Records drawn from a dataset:
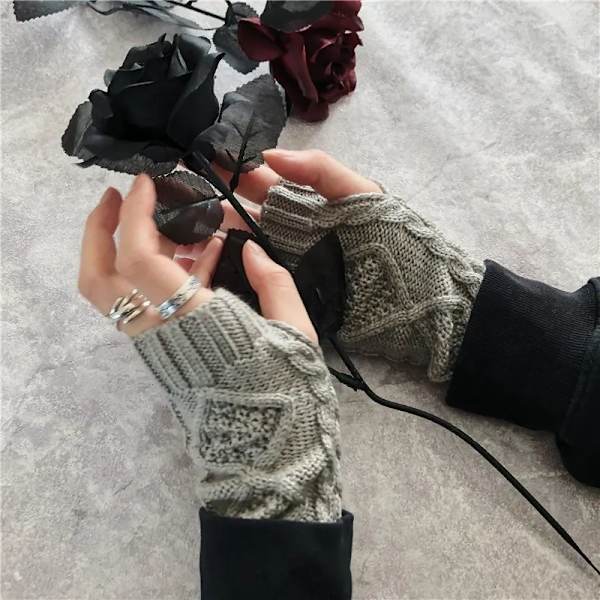 3 par halvfinger handsker luffer kvinders handsker vinter strikket varme simple elegant,B
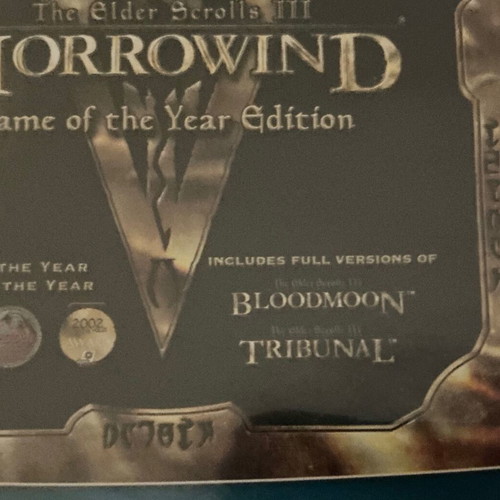 Elder Scrolls Morrowind PC game used with 2 extension CDs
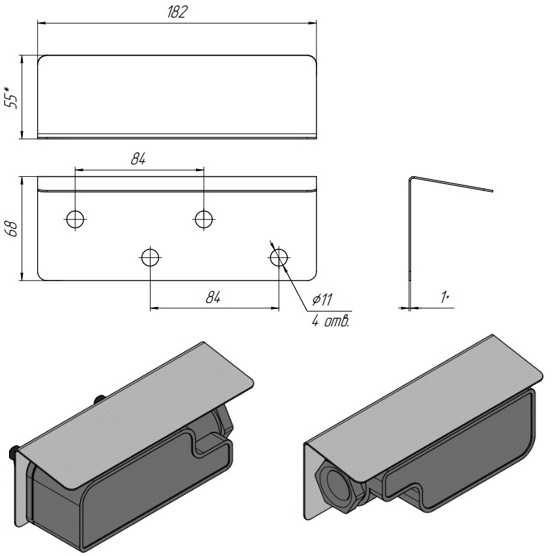 Козырек защитный для дополнительной защиты от прямого попадания атмосферных осадков, капежа в шахтах и механических повреждений приборов: ДПМГ-2, ДПМГ-26Ех, ИО 102-53.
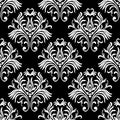 Vintage seamless pattern. Floral ornate wallpaper. Dark vector damask background with decorative ornaments and flowers in Baroque Royalty Free Stock Photo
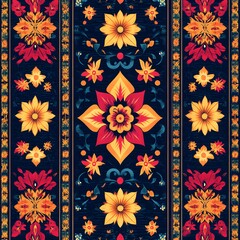 Exquisitely Detailed Thai Sarong Pattern Design Merging Traditional Textile Weaving with Modern Geometric Flair for Graphic Resources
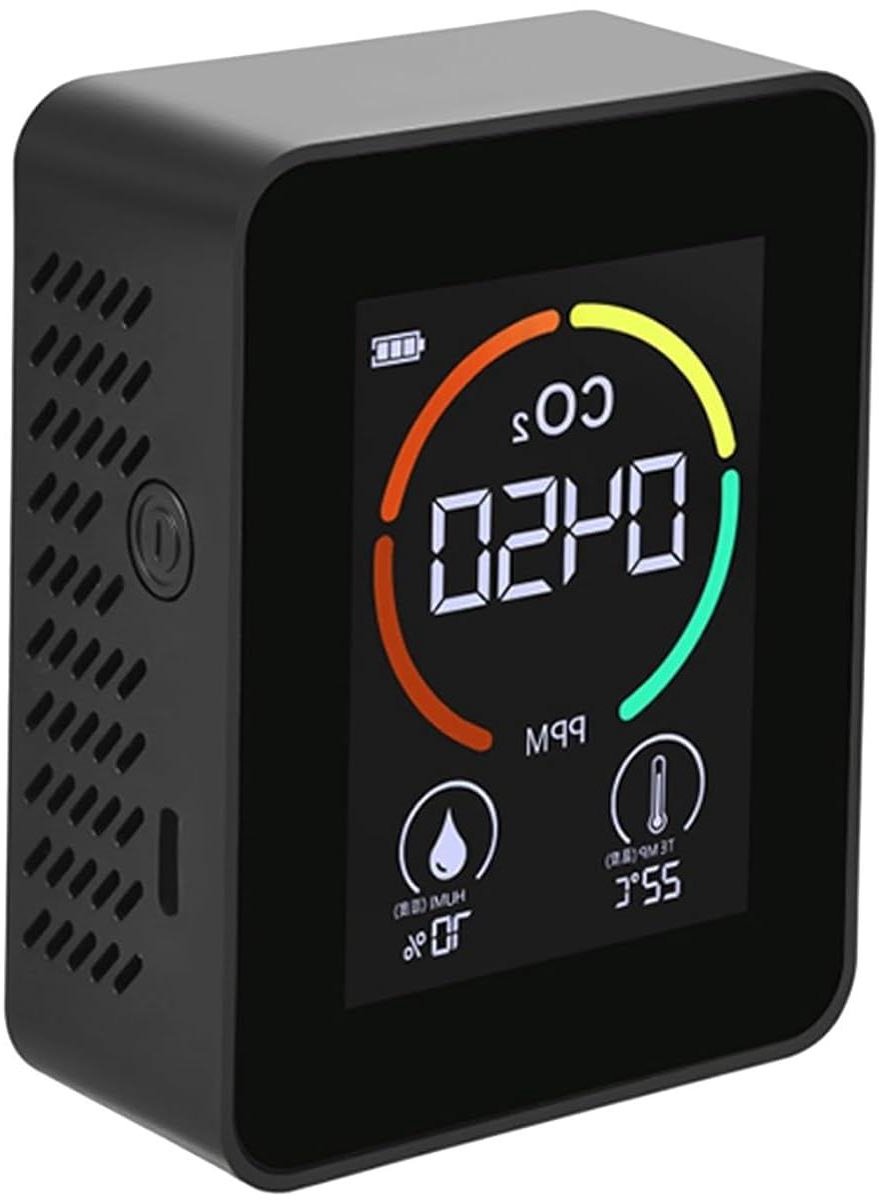 Luchtkwaliteitsmonitor - CO2 detector Vochtigheidsmeter - Binnenklimaat Meten - Hoge Precisie Sensoren - 400-5000 ppm - Wit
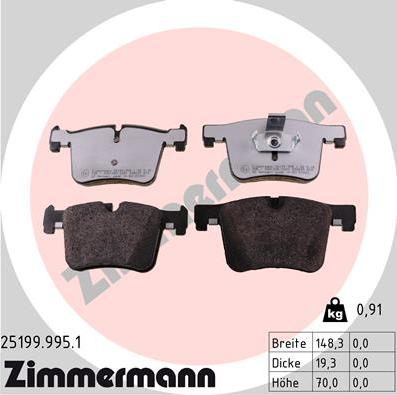 Zimmermann 25199.995.1 - Тормозные колодки, дисковые, комплект autospares.lv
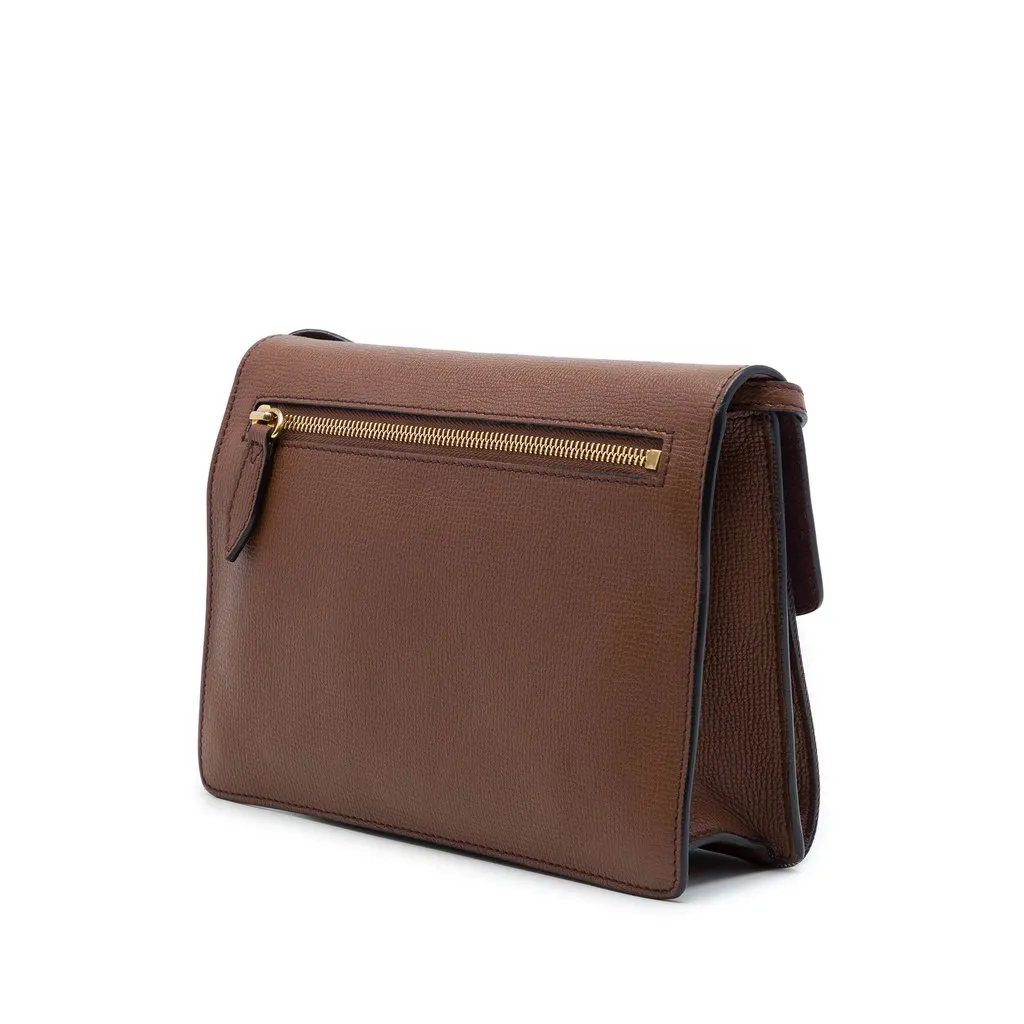 Burberry Small Leather and House Check Canvas Derby Macken Crossbody Brown Canvas Good - Back View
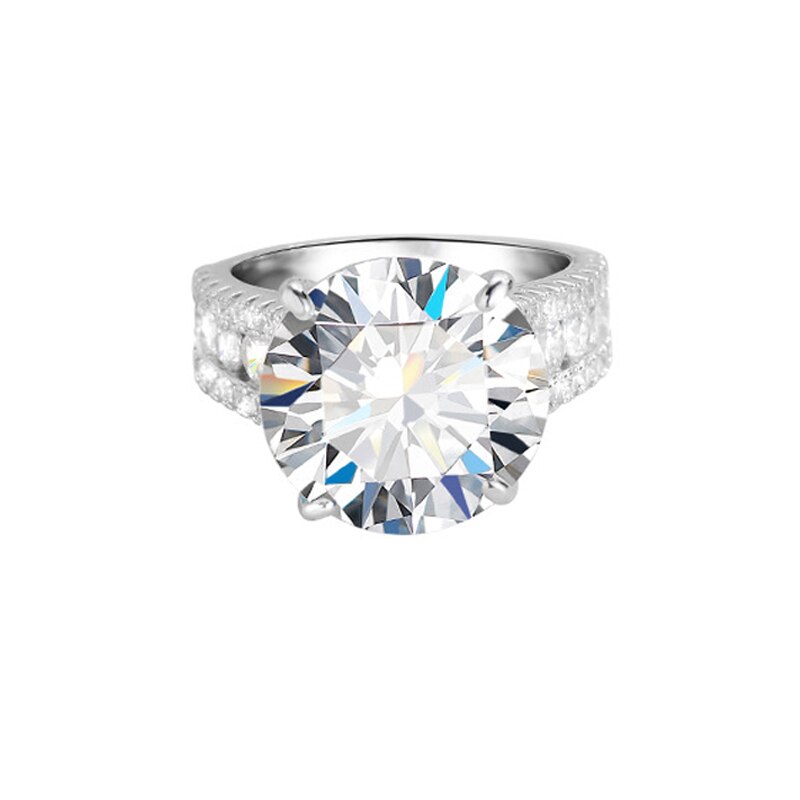 10 Carat Moissanite and Zircon Platinum Plated 925 Sterling Silver Ring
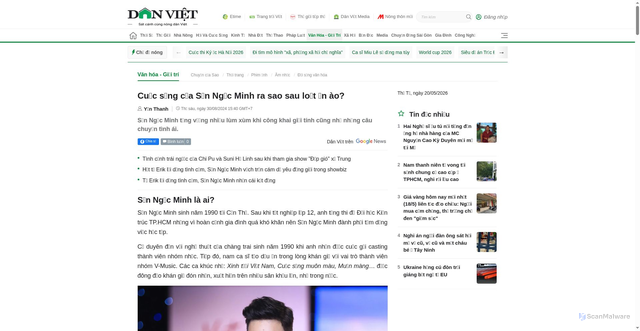 Security scan screenshot of https://danviet.vn/son-ngoc-minh-la-ai-20240830150358173-d1181401.html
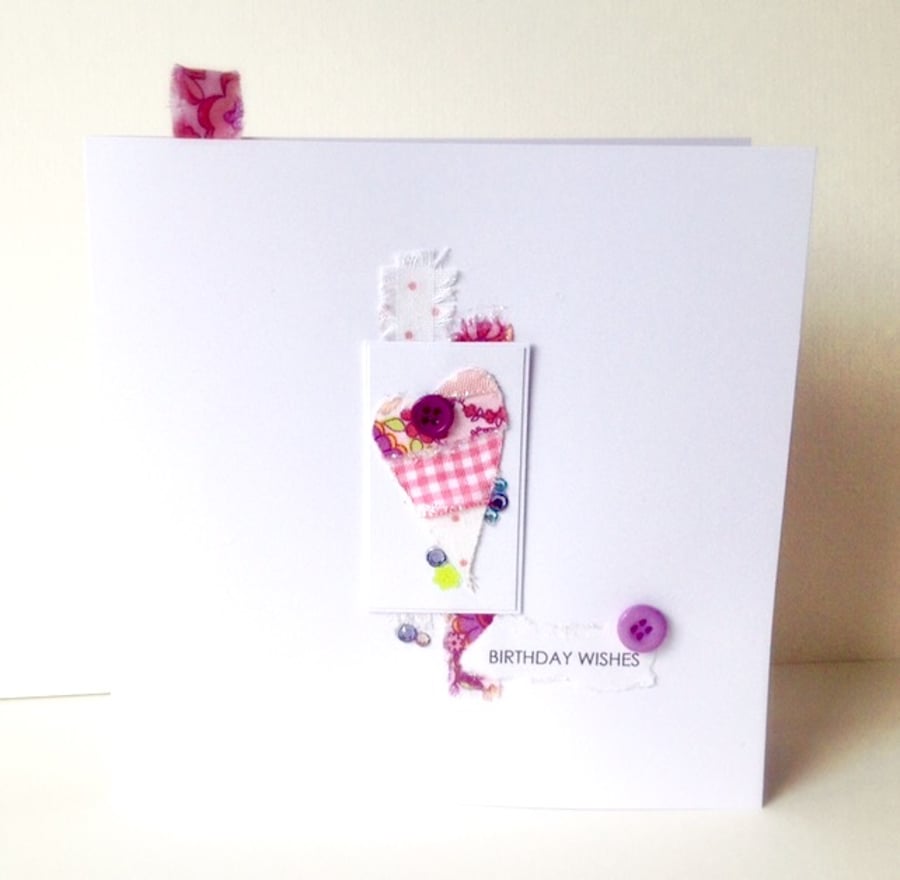 Birthday Card,Collage Heart Design,Handmade Greeting Card,Can Be Personalised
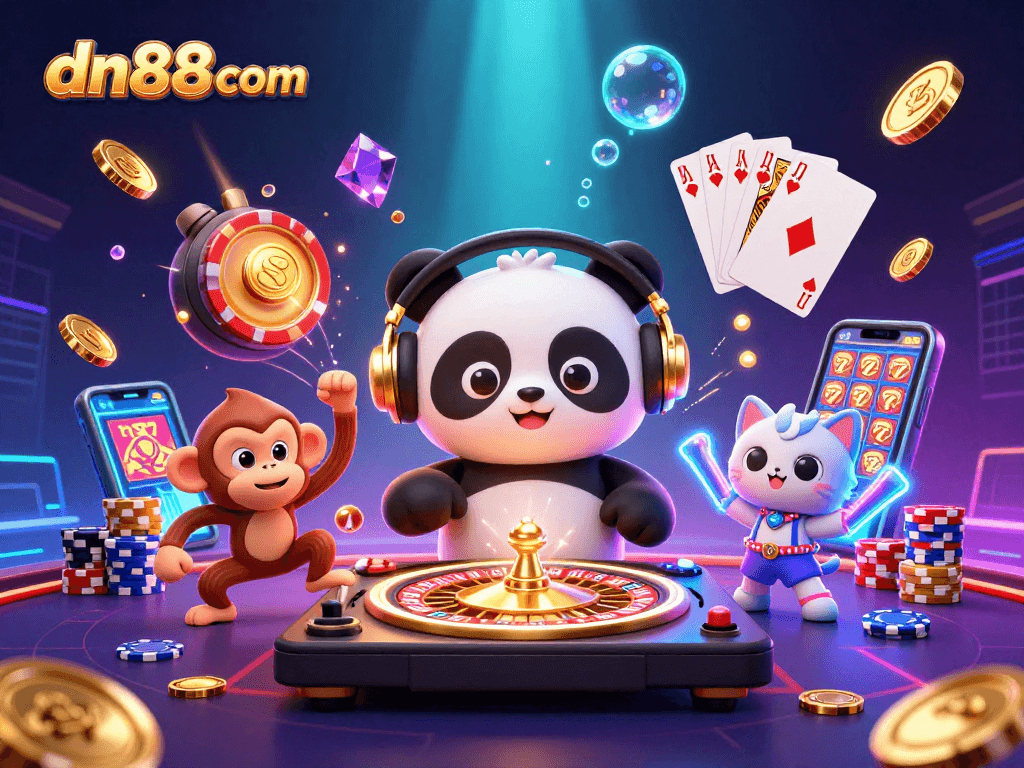 A thrilling casino scene with the dn88com DJ panda spinning on roulette turntables, vibrant coins, and colorful poker chips.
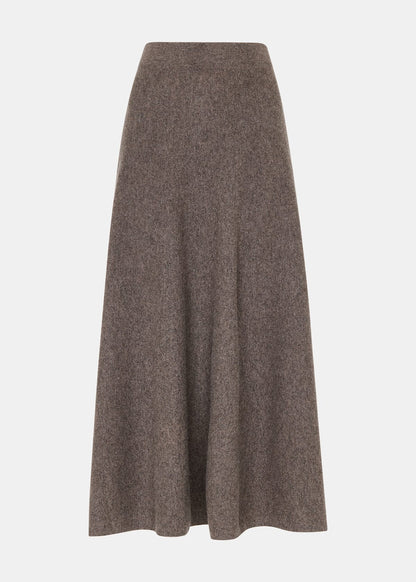 Taupe Wool Knitted Flare Midi Skirt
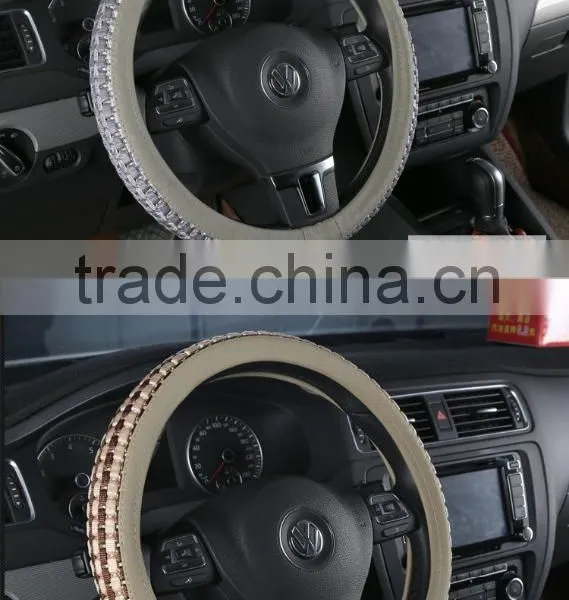The New Ice Silk Cotton Car Spell of pu Leather Steering Wheel Covers Universal Design is the Four Seasons General photo-3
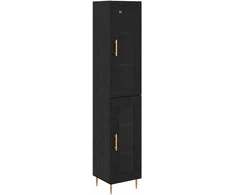 Aukštas spintelė 2 pcs Juodas ąžuolas Stiklas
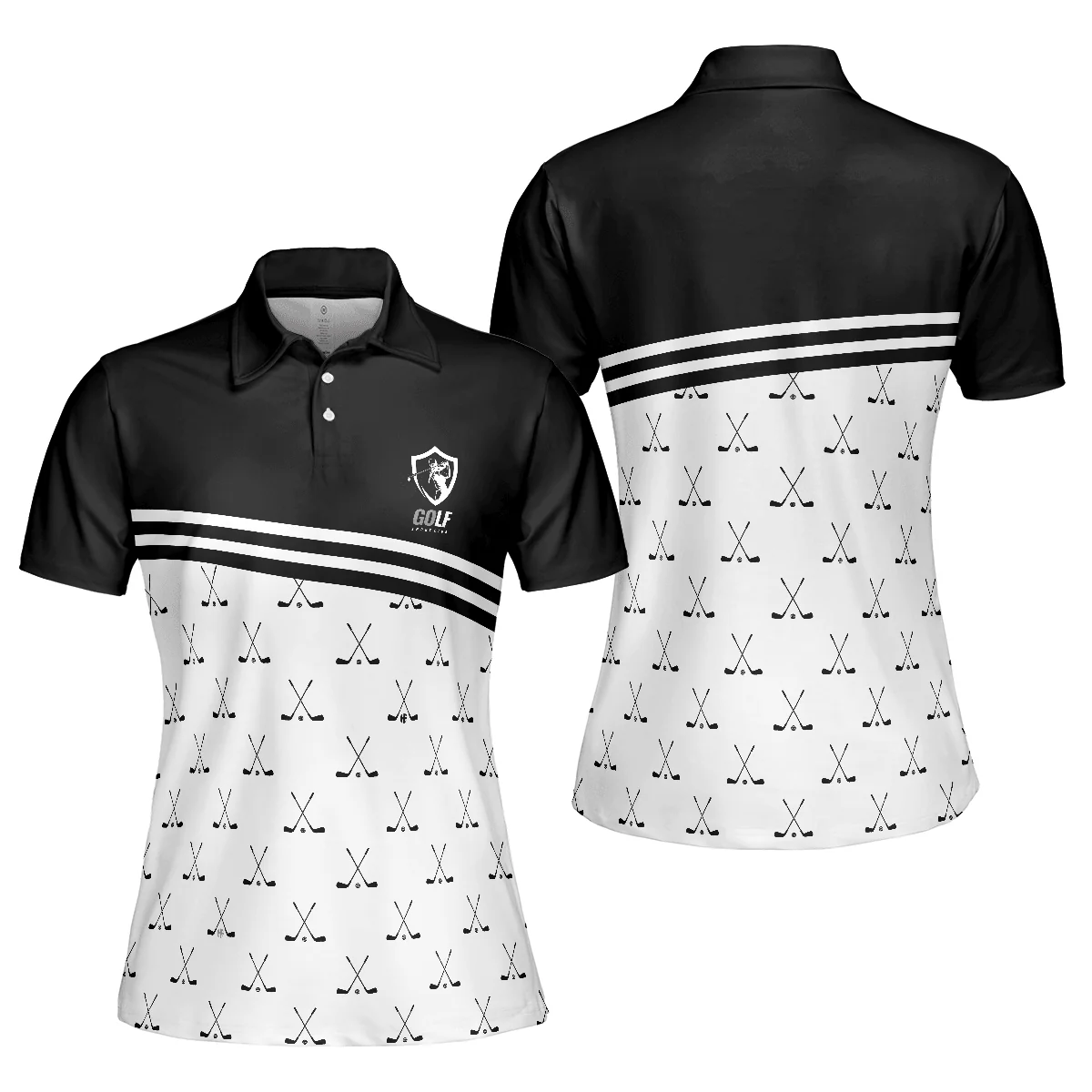 Golf Women Polo Shirt, Crossed Black Golf Clubs Black And White Golf Women Polo Shirts, Best Gift For Golf Lovers, Ladies, Female Golfers - Image 2
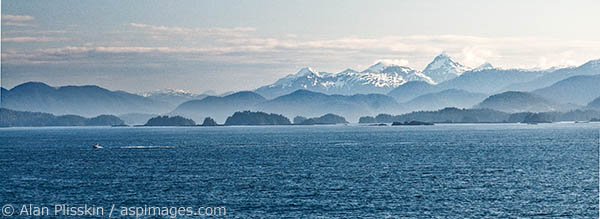 The coastline south of Glacier Bay was enjoying the first sunlight in days.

Task prompt
An exact restatement of the entries above is needed; no picture may appear in it.

Exercise result
 3 par halvfinger handsker luffer kvinders handsker vinter strikket varme simple elegant,B
 Elder Scrolls Morrowind PC game used with 2 extension CDs
 Козырек защитный для дополнительной защиты от прямого попадания атмосферных осадков, капежа в шахтах и механических повреждений приборов: ДПМГ-2, ДПМГ-26Ех, ИО 102-53.
 Vintage seamless pattern. Floral ornate wallpaper. Dark vector damask background with decorative ornaments and flowers in Baroque Royalty Free Stock Photo
 Exquisitely Detailed Thai Sarong Pattern Design Merging Traditional Textile Weaving with Modern Geometric Flair for Graphic Resources
 Luchtkwaliteitsmonitor - CO2 detector Vochtigheidsmeter - Binnenklimaat Meten - Hoge Precisie Sensoren - 400-5000 ppm - Wit
 Zimmermann 25199.995.1 - Тормозные колодки, дисковые, комплект autospares.lv
 Burberry Small Leather and House Check Canvas Derby Macken Crossbody Brown Canvas Good - Back View
 10 Carat Moissanite and Zircon Platinum Plated 925 Sterling Silver Ring
 Security scan screenshot of https://danviet.vn/son-ngoc-minh-la-ai-20240830150358173-d1181401.html
 Birthday Card,Collage Heart Design,Handmade Greeting Card,Can Be Personalised
 A thrilling casino scene with the dn88com DJ panda spinning on roulette turntables, vibrant coins, and colorful poker chips.
 Taupe Wool Knitted Flare Midi Skirt
The New Ice Silk Cotton Car Spell of pu Leather Steering Wheel Covers Universal Design is the Four Seasons General photo-3
 Aukštas spintelė 2 pcs Juodas ąžuolas Stiklas
 Golf Women Polo Shirt, Crossed Black Golf Clubs Black And White Golf Women Polo Shirts, Best Gift For Golf Lovers, Ladies, Female Golfers - Image 2
 The coastline south of Glacier Bay was enjoying the first sunlight in days.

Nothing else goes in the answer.